**Try it**. Print, word for word, the opening line of the data below and every line after it through the line that contains "2016 Hyundai Elite", but not the pictures.

──────────────────────────────

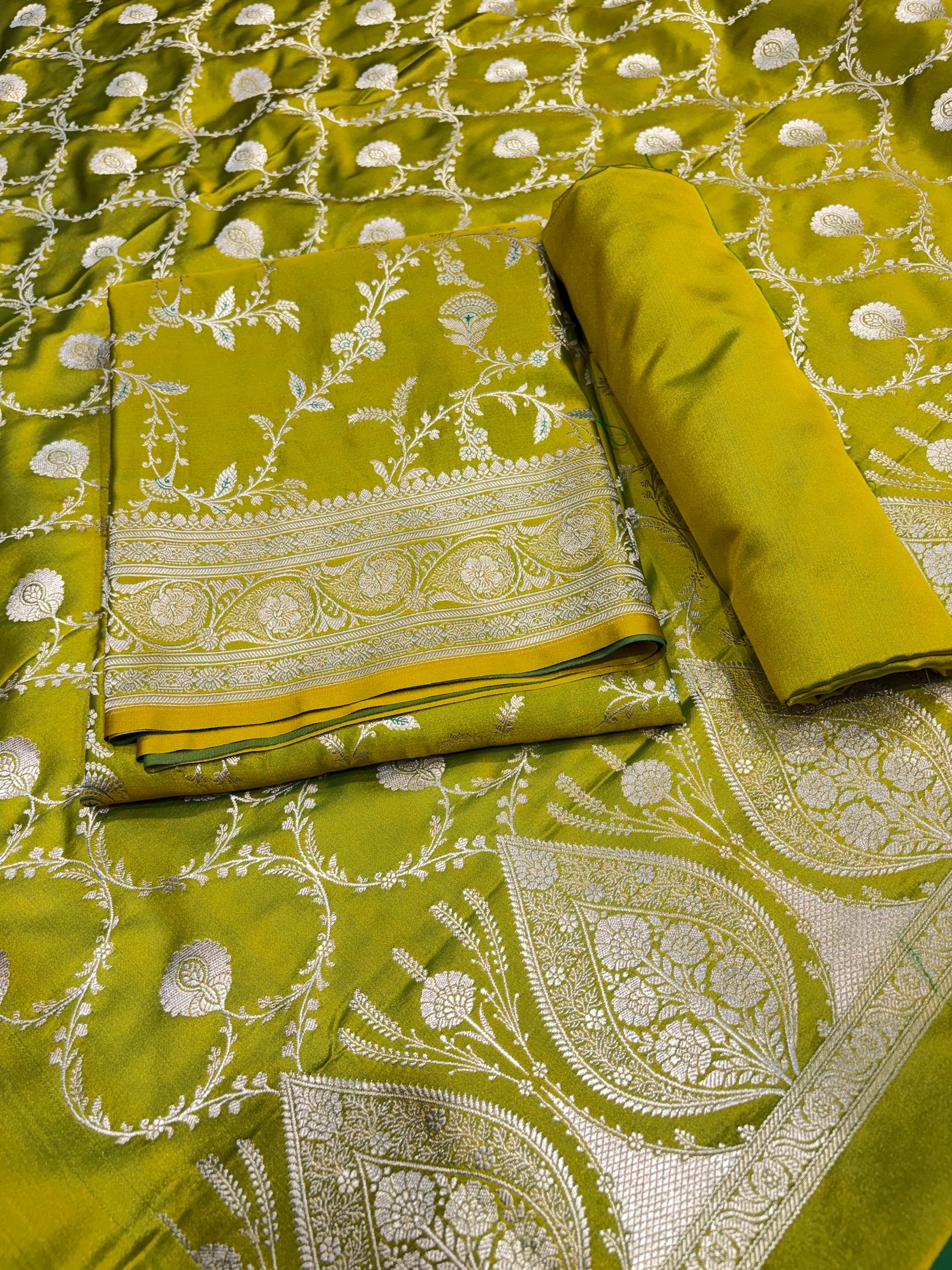 Beautiful Banarasi Mashru silk suit with all over jaal pattern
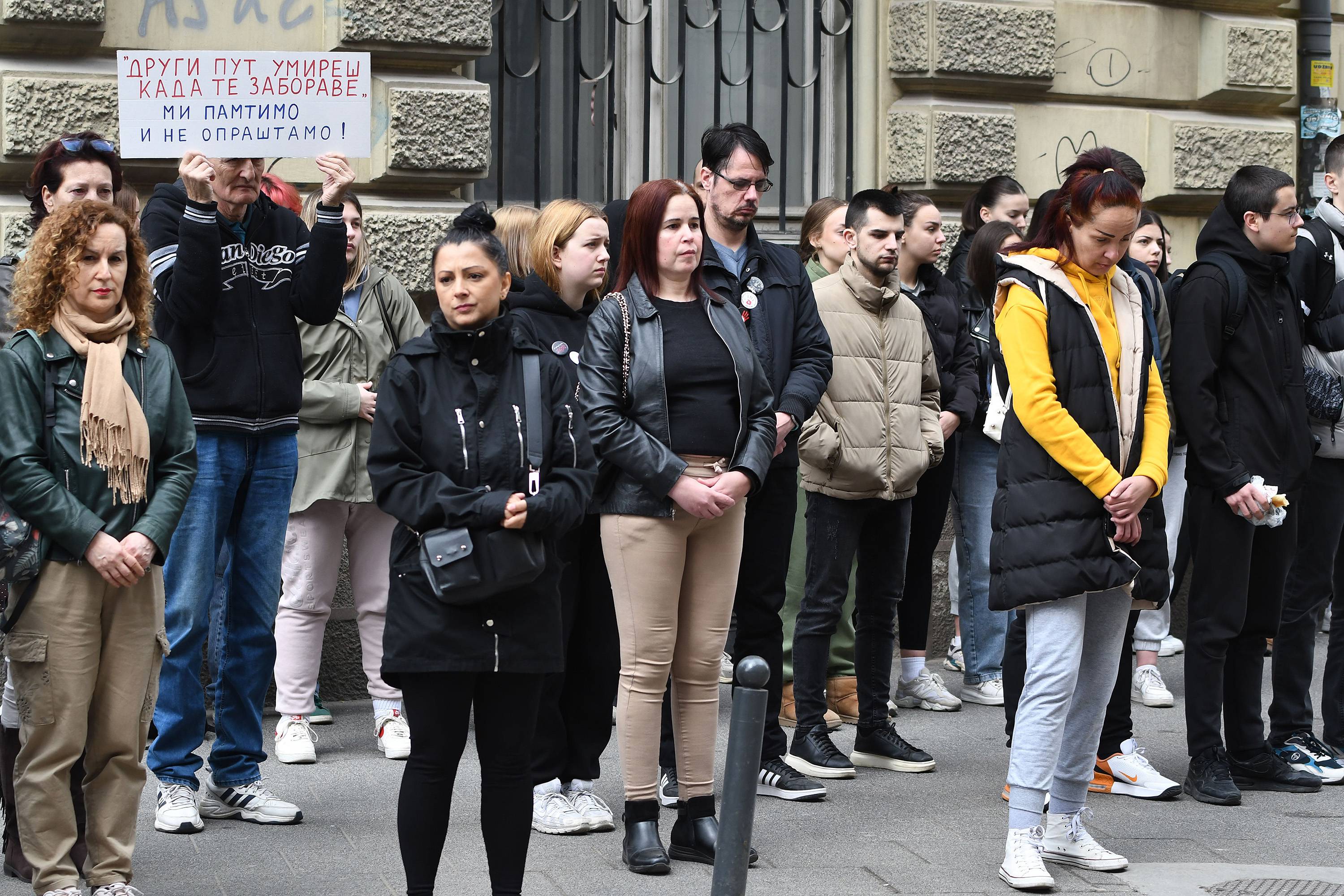 Novi Sad skup u znak sećanja na učenika te škole Vukašina Crnčevića (9).jpg
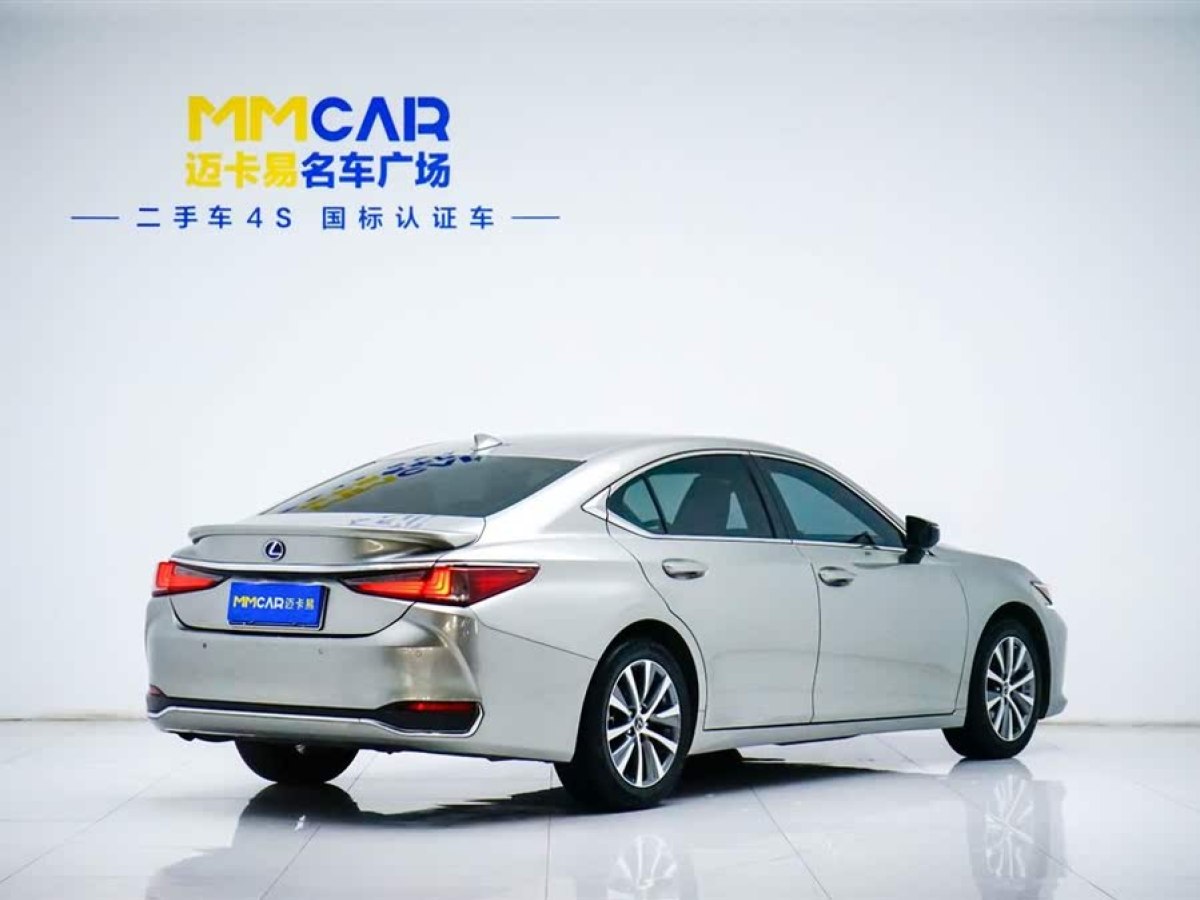 雷克薩斯 ES  2020款 300h 卓越版圖片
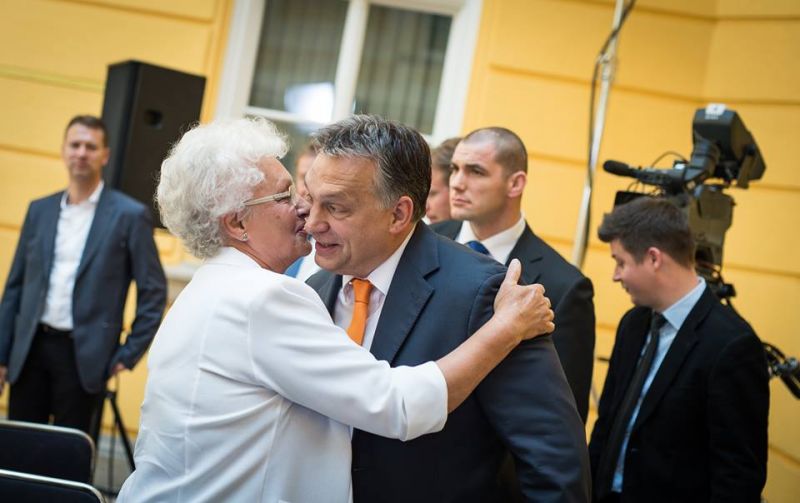 Orbán édesanyjával pózolt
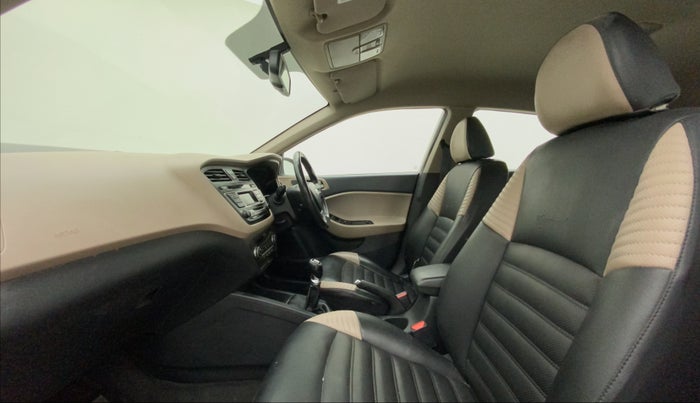 2016 Hyundai Elite i20 ASTA 1.2 (O), Petrol, Manual, 51,406 km, Right Side Front Door Cabin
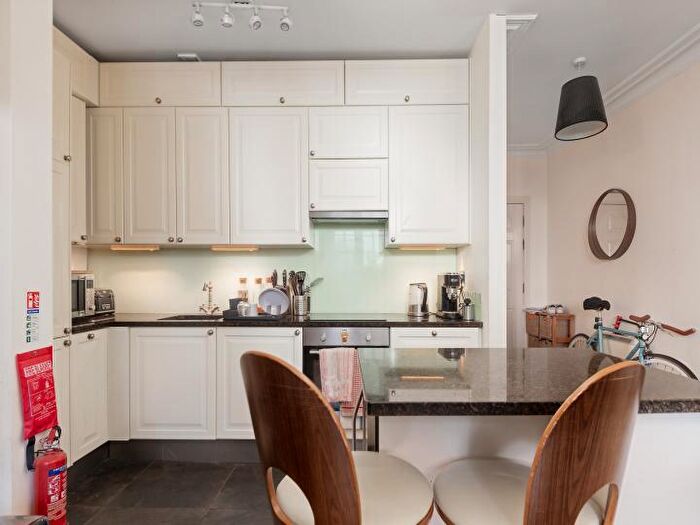 2 Bedroom Apartment To Rent In Imperial Hall, - City Road, London, EC1V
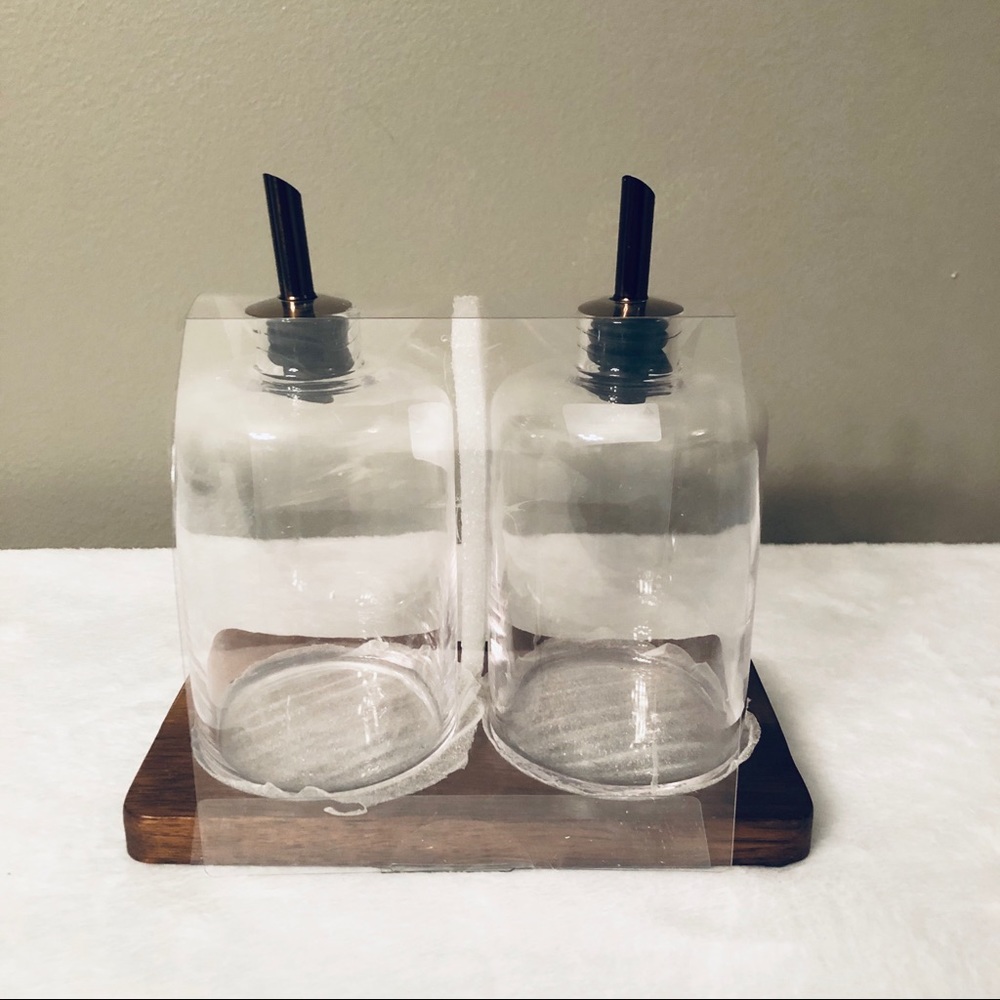 NEW! HTF Hearth & Hand oil and vinegar set - Picture 3 of 8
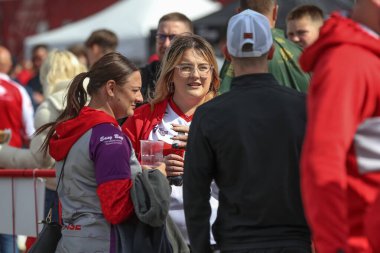 Sewell Group Craven Park 'a gelen taraftarlar, Betfred Süper Lig 16n karşılaşmasında Hull KR ve Catalans Dragons' a karşı Sewell Group Craven Park, Kingston upon Hull, Birleşik Krallık, 6 Temmuz 2024 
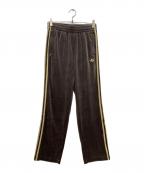 adidasアディダス）の古着「FB TP VELOUR トラックパンツ」｜カーキ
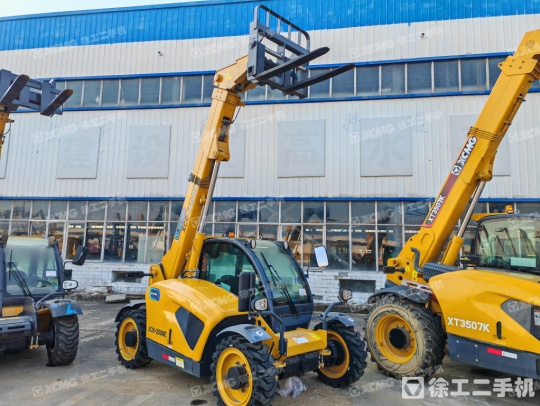 徐工XT2506E伸縮臂叉裝機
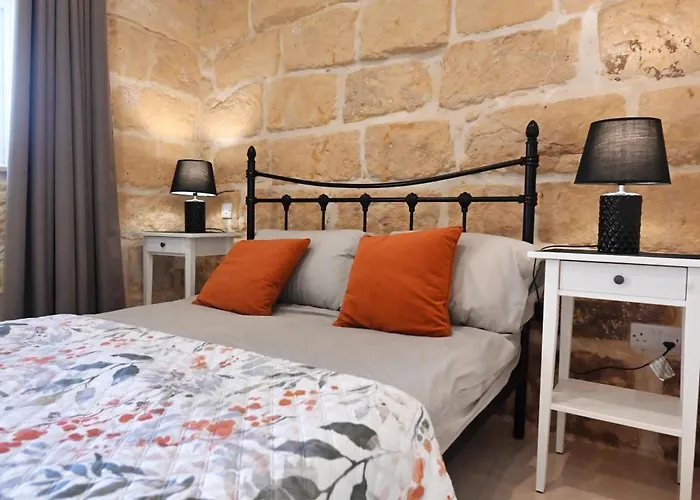 فندق مبيت وإفطار The Cloisters 4*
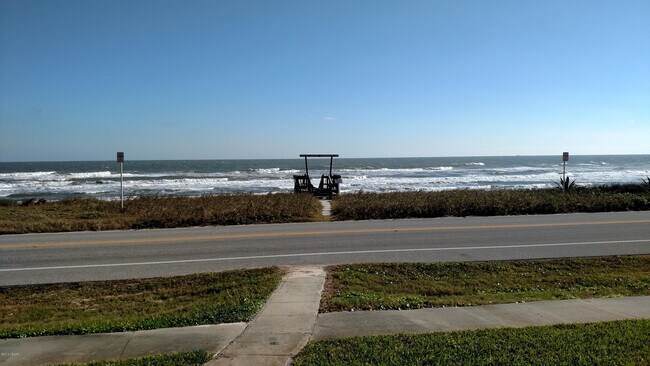 Foto del edificio - 2222 Ocean Shore Blvd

──────────────────────────────

**Completed task**.
 Beautiful Banarasi Mashru silk suit with all over jaal pattern
 Novi Sad skup u znak sećanja na učenika te škole Vukašina Crnčevića (9).jpg
 雷克薩斯 ES  2020款 300h 卓越版圖片
 Orbán édesanyjával pózolt
 2016 Hyundai Elite i20 ASTA 1.2 (O), Petrol, Manual, 51,406 km, Right Side Front Door Cabin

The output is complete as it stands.